### SUPPLIED MATERIAL
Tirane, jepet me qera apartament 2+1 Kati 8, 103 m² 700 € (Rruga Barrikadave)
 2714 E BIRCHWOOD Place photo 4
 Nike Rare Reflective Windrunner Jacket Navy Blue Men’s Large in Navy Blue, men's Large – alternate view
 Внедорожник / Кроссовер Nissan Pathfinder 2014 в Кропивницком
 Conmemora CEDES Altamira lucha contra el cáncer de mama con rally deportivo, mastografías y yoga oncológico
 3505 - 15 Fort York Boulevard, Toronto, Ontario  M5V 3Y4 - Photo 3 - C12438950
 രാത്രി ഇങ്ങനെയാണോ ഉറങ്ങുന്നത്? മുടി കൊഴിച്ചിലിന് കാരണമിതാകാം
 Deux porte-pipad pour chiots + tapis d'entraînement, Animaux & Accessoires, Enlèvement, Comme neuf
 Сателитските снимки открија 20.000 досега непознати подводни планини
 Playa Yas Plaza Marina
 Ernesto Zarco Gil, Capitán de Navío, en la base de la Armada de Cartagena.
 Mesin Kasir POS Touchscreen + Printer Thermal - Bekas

### ABOUT THIS EXERCISE
Write out exactly the lines from the beginning of the material above through the line with "Nike Rare Reflective", including both and omitting all others.

### RESULT OF THE TASK
Tirane, jepet me qera apartament 2+1 Kati 8, 103 m² 700 € (Rruga Barrikadave)
 2714 E BIRCHWOOD Place photo 4
 Nike Rare Reflective Windrunner Jacket Navy Blue Men’s Large in Navy Blue, men's Large – alternate view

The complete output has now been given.